Trap-rock consists of several varieties, as porphyry, clinkstone, compact feldspar, amygdaloid, greenstone, and basalt. These all pass into each other by insensible gradations, often forming one continuous mass, for the most part composed of the same ingredients, and have in consequence been regarded by geologists as belonging to one group, produced under similar circumstances, and elevated at intervals about the same period. The porphyritic structure prevails generally in both chains, and “porphyry has the peculiarity of being rarely found in any but the primary strata: it seems to be the whinstone of the Old World, or at least that which is of highest antiquity in the present.”[2] But not only are both ranges characterized by the same qualities and texture of rocks in hand-specimens, one hill answering to another; they also preserve the same general features of outline, and the same relations to the disrupted sandstones among which they have been injected. The highest point, for instance, in the eastern division of the Ochils, is Norman’s Law, attaining an elevation of nearly one thousand feet above the level of the sea: in its uprise the mass has brought along with it the lower beds of the gray sandstone, which flank its northern and eastern sides, within three hundred feet of the summit.
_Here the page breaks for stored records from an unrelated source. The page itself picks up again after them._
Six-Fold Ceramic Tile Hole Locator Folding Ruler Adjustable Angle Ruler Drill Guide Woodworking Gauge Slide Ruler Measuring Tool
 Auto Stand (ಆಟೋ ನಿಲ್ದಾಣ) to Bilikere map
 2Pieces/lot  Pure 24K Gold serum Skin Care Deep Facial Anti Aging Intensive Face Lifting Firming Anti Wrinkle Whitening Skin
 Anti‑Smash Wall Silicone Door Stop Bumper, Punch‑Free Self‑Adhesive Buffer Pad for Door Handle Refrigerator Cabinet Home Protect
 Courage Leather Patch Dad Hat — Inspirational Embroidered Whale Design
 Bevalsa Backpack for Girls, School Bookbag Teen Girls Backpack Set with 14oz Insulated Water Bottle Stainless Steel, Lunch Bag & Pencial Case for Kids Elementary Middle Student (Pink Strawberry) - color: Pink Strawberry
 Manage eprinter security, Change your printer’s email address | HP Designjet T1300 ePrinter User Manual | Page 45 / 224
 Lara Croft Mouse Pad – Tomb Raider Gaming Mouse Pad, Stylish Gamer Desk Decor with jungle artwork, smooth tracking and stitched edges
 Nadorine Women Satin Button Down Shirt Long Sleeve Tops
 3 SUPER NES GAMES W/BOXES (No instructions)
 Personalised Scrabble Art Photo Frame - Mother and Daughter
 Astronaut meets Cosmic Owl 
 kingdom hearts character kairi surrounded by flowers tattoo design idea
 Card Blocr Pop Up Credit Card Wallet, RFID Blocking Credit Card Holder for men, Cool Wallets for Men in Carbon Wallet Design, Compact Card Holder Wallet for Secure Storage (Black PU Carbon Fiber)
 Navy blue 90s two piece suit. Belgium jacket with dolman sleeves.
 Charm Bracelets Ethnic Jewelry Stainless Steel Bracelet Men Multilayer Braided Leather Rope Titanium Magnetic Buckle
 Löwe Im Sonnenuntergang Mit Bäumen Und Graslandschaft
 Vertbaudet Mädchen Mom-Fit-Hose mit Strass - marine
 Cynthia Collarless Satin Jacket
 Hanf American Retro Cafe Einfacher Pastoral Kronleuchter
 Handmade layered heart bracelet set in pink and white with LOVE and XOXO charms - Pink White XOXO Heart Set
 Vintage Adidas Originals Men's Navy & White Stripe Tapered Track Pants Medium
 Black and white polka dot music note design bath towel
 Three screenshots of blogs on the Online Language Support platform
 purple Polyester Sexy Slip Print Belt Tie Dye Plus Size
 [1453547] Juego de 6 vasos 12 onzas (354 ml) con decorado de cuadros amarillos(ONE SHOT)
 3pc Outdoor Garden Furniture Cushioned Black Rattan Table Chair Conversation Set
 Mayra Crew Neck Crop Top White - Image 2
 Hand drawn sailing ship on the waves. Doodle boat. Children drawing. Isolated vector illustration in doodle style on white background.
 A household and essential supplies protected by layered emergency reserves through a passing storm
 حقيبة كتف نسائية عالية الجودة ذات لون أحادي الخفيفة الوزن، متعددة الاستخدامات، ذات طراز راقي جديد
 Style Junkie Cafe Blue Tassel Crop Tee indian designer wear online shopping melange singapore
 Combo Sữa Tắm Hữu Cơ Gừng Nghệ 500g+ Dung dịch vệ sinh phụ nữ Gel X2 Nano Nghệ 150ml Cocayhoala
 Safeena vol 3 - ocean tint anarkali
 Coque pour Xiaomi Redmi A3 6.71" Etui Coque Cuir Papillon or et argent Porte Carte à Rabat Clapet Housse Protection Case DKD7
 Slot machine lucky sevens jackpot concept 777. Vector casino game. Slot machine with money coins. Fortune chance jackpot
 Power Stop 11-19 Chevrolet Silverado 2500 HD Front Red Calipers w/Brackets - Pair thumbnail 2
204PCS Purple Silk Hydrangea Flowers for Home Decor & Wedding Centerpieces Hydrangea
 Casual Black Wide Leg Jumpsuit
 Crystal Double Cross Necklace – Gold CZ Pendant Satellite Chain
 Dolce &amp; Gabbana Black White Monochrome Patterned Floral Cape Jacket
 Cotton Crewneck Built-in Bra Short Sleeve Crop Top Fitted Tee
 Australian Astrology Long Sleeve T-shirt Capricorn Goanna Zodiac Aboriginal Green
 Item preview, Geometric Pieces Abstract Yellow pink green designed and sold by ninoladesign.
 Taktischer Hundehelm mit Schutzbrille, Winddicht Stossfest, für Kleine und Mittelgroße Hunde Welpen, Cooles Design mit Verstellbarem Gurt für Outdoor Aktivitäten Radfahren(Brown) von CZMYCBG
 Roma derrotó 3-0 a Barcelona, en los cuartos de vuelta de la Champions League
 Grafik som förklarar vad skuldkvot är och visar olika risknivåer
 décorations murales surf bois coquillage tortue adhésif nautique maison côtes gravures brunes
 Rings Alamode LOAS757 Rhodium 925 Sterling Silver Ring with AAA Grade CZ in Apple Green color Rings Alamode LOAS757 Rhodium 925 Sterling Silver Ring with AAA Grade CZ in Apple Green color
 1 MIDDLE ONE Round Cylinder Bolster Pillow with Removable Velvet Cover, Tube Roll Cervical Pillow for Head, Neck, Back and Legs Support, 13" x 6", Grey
To the north and west of Dundee the highest points of the Sidlaws are encompassed in like manner with their analogous beds of the gray rock. And so in every locality, whether along their base lines, or among the numerous ravines and valleys that intersect their cultivated slopes, the strata may be seen cropping out, bearing testimony to the convulsive movements to which they have been exposed, and the altered positions they have in consequence assumed.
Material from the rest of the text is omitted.